Blog: Omics! Omics! A computational biologist’s personal views on new technologies & publications on genomics & proteomics and their impact on drug discovery
Creator: Keith Robison (@omicsomicsblog)
Frequency of updates: 1–2 posts per month (but many more during AGBT!)
Recommended blog post: A Sunset for Draft Genomes?

This blog is predominantly focused on the latest developments in sequencing technology. Keith provides great insight into future developments in the world of sequencing, and also tries to make sense of the claims and marketing hype that sometimes surrounds the announcements of new technologies. During the annual Advancements in Genome Biology and Technology (AGBT) meeting, you can rely on Keith to provide great commentary on what is happening (and not happening) at the meeting.

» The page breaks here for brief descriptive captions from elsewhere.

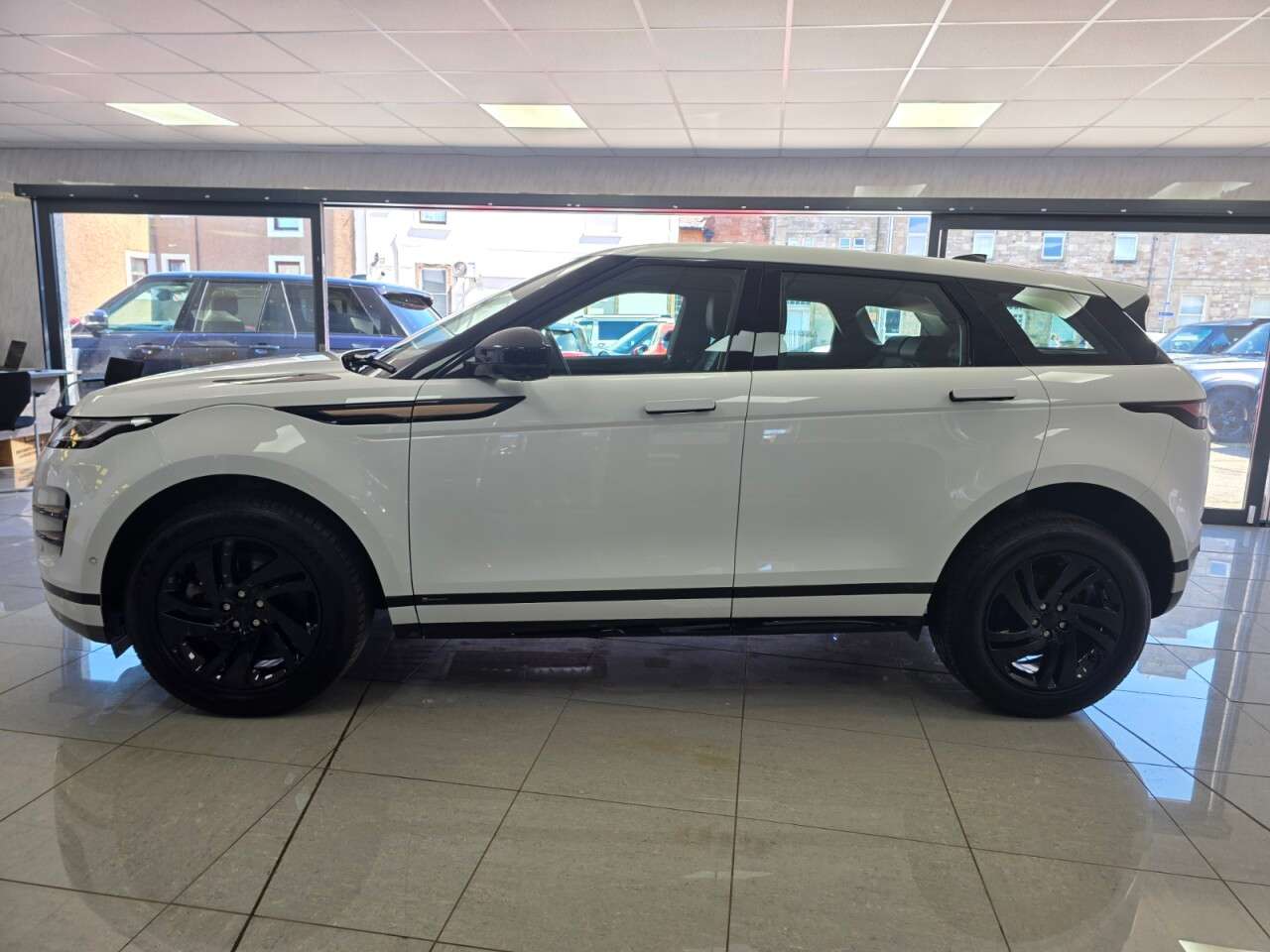 2021 LAND ROVER RANGE ROVER EVOQUE 2021 LAND ROVER RANGE ROVER EVOQUE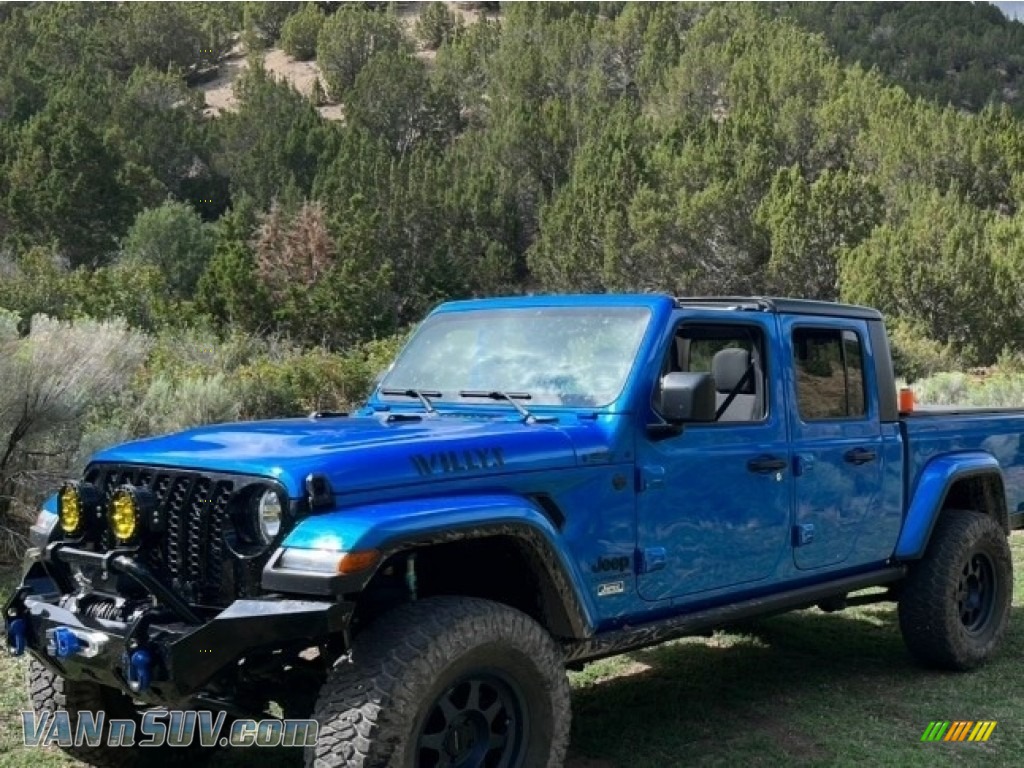 Hydro Blue Pearl / Black Jeep Gladiator Willys 4x4
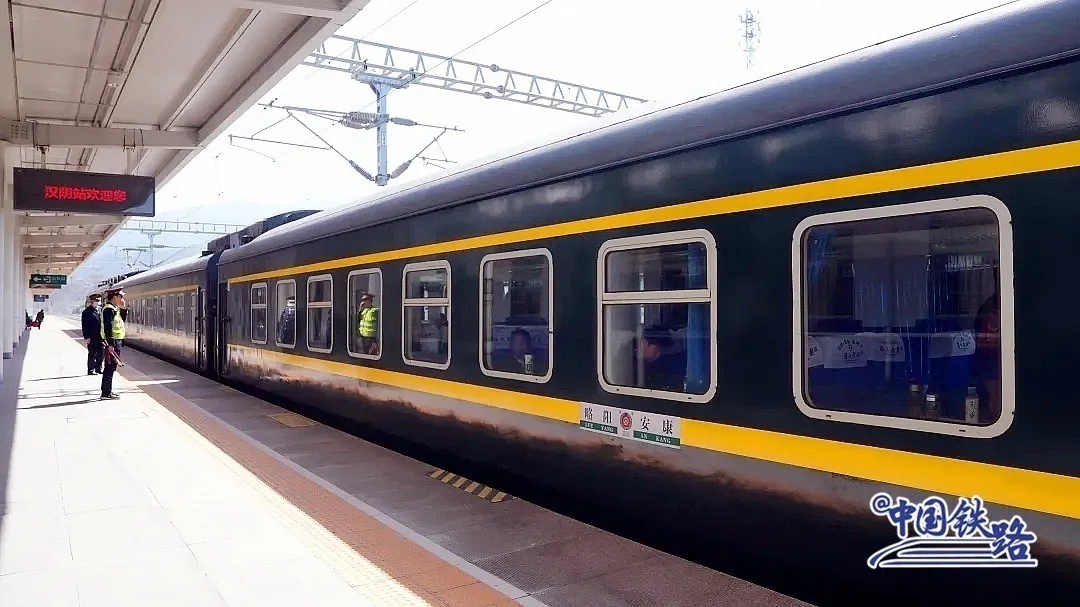 老乡叫它“双节棍”!这可能是中国最短的火车 老乡叫它“双节棍”!这可能是中国最短的火车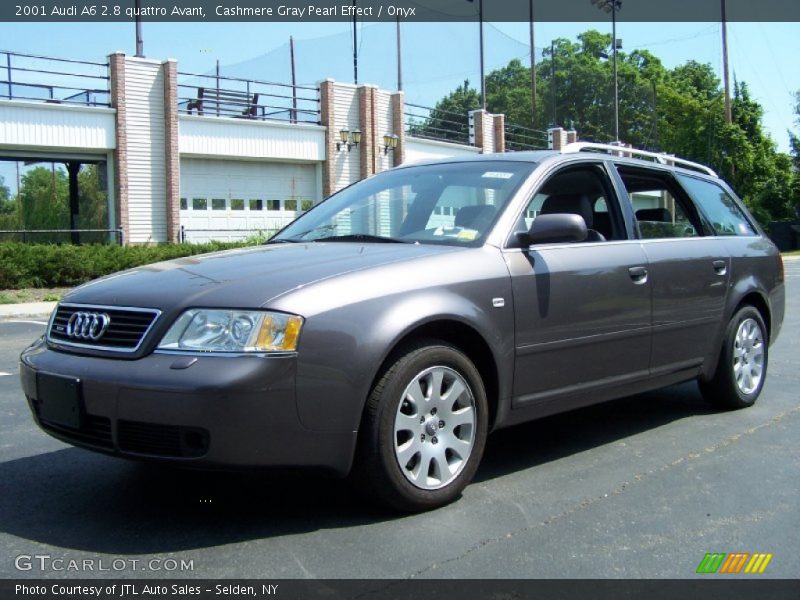 Front 3/4 View of 2001 A6 2.8 quattro Avant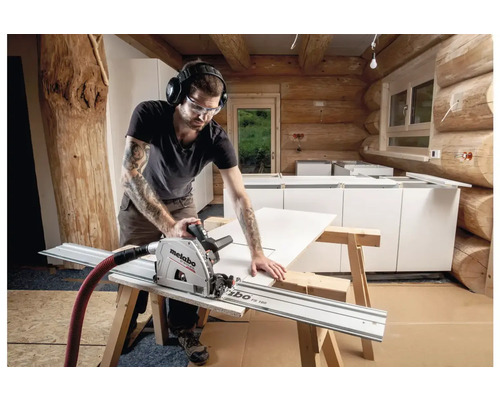 Een man zaagt een werkstuk met een Metabo invalcirkelzaag op een bouwplaats.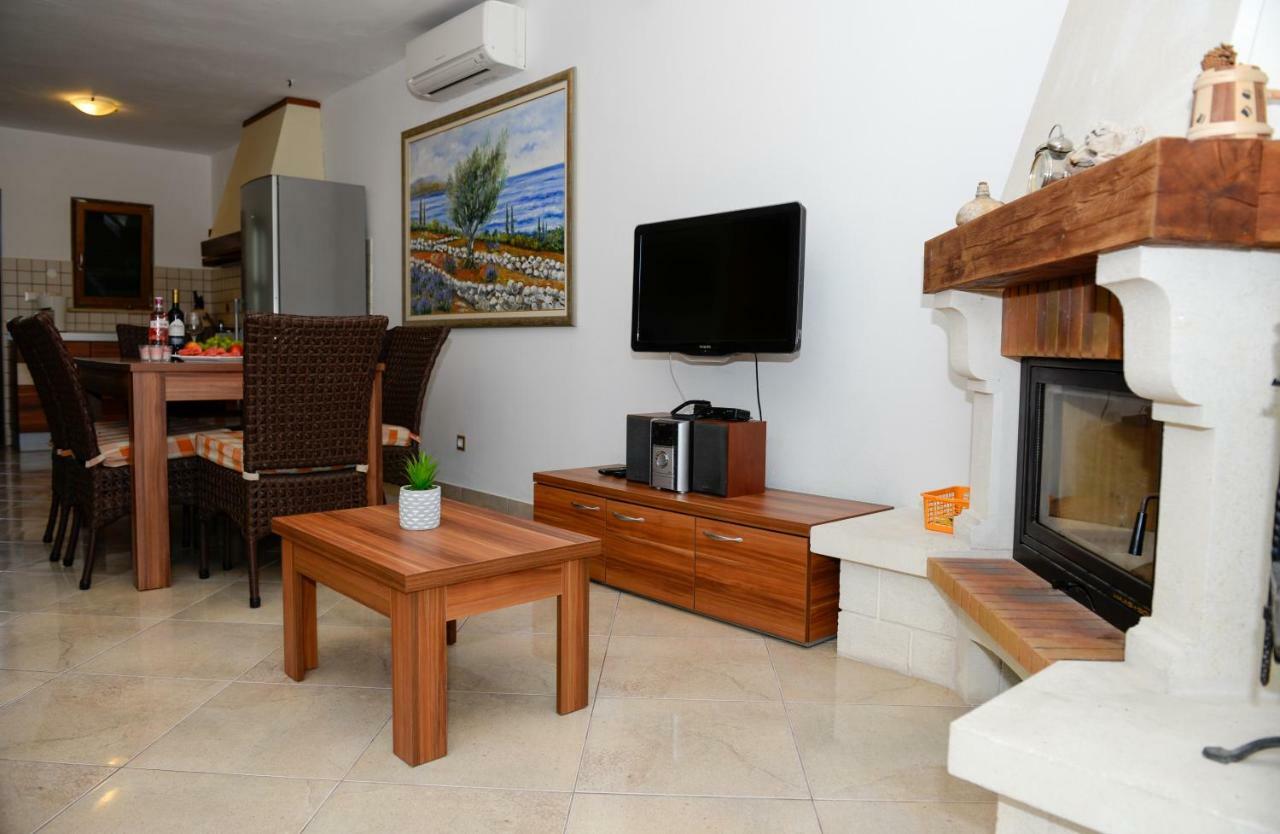 Apartment Markioli Povlja  Ngoại thất bức ảnh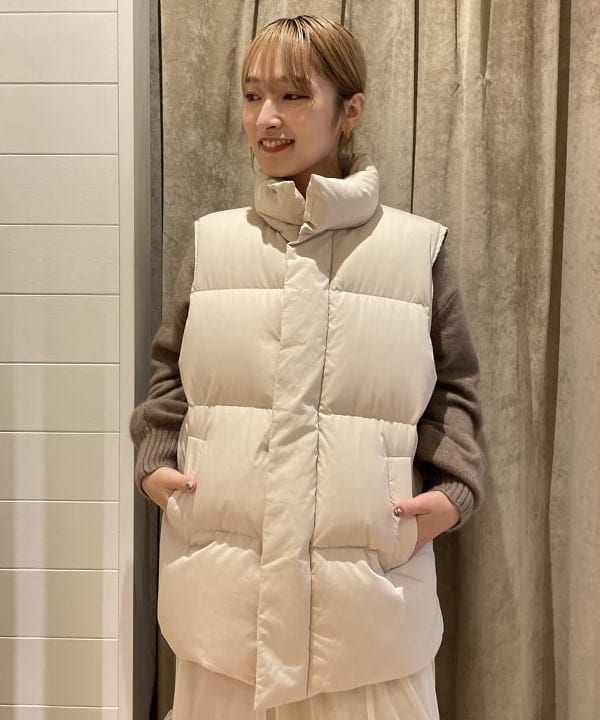 松本 佳菜子さんの「BEAMS WOMEN｜ART-BROWN / ヘアー カーフ ベルト」を使ったコーディネート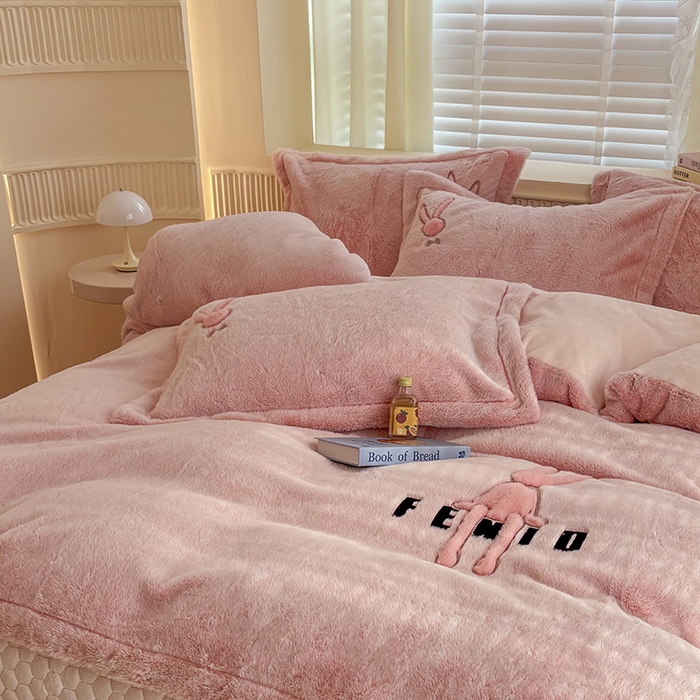 91家纺网 家纺一手货源 找家纺 新月家纺（锦威郎） 2024新款纯色保暖萌萌兔床盖四件套 萌兔粉玉色
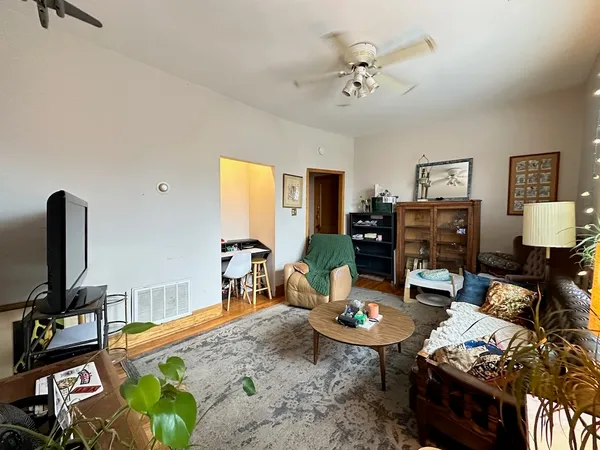 $2,280 | 951 North Hoyne Avenue, Unit 3, Chicago, IL 60622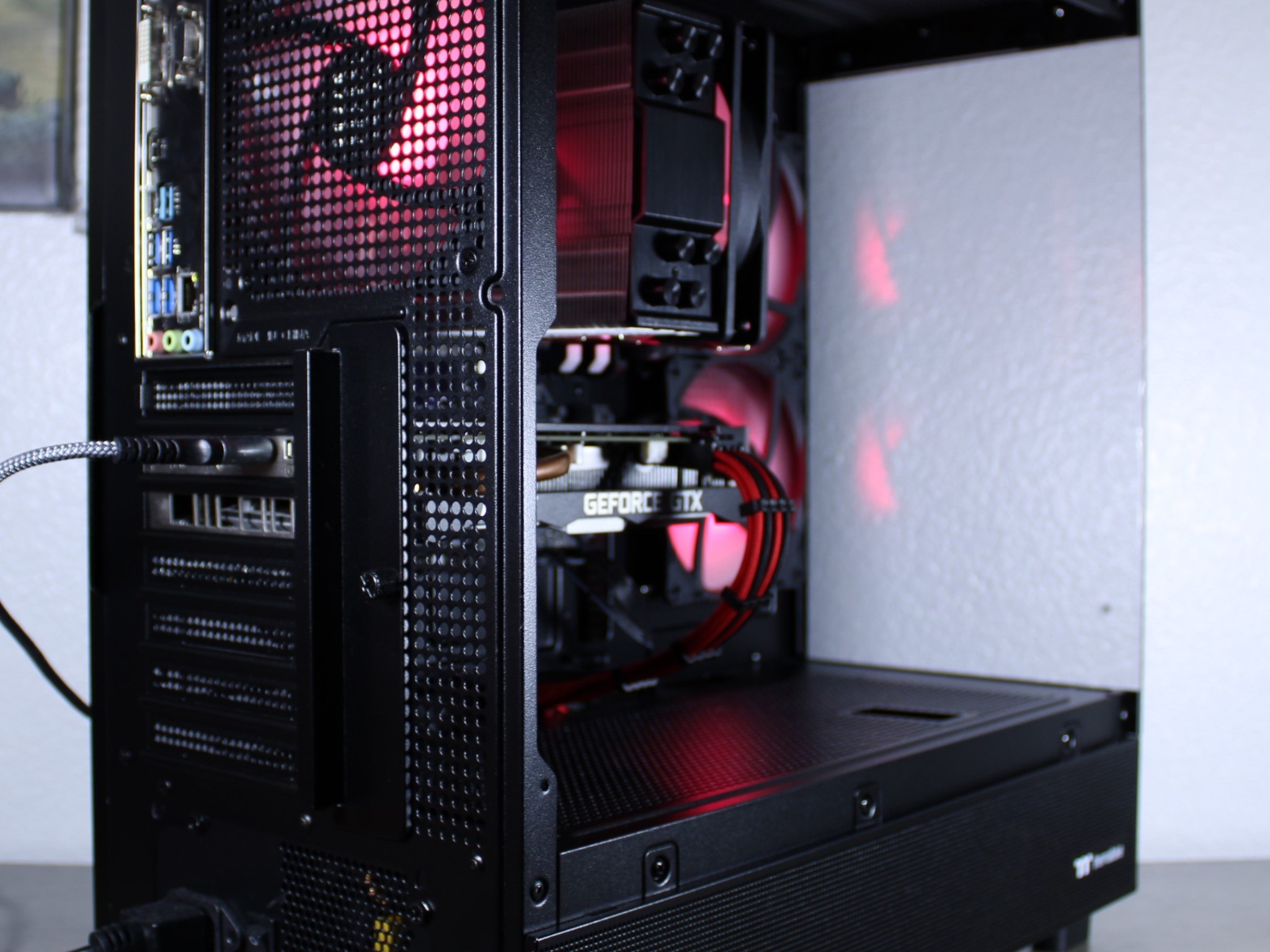 ⚫️🔴 GAMING PC!! | GTX 1660 Super | Ryzen 5 2600 | RGB 16GB Ram | 1TB NVME | Win 11 Activated | WIFI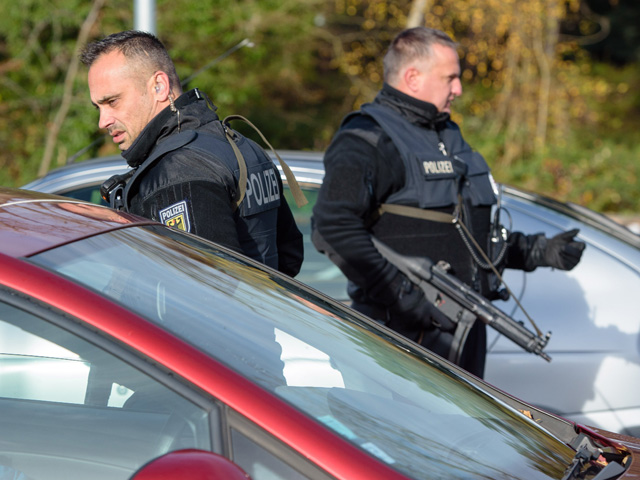 Вскоре после того, как в Бельгии завершилась операция по поиску причастных к терактам в Париже, в Германии был задержан другой подозреваемый, возможно, принимавший участие в подготовке к террористическим актам во Франции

Blog: Opiniomics: bioinformatics, genomes, biology etc. “I don’t mean to sound angry and cynical, but I am, so that’s how it comes across”
Creator: Mick Watson (@biomickwatson)
Frequency of updates: 1–2 posts per week
Recommended blog post: Why anonymous peer review is bad for science

Of all the blogs that I’m including here, this is probably my favorite. I greatly enjoy Mick’s writing; not so much for the detailed technical posts about sequencing technology — good though these are — but for the fantastic pieces he writes about the wider field of bioinformatics. Mick has insightful views on such topics as peer review, training of bioinformaticians, and reproducible science. I particularly like Mick’s frequently humorous — and sometimes slightly ranty — style of writing. Oh, I should also point out that Mick’s site is best viewed on an iPad.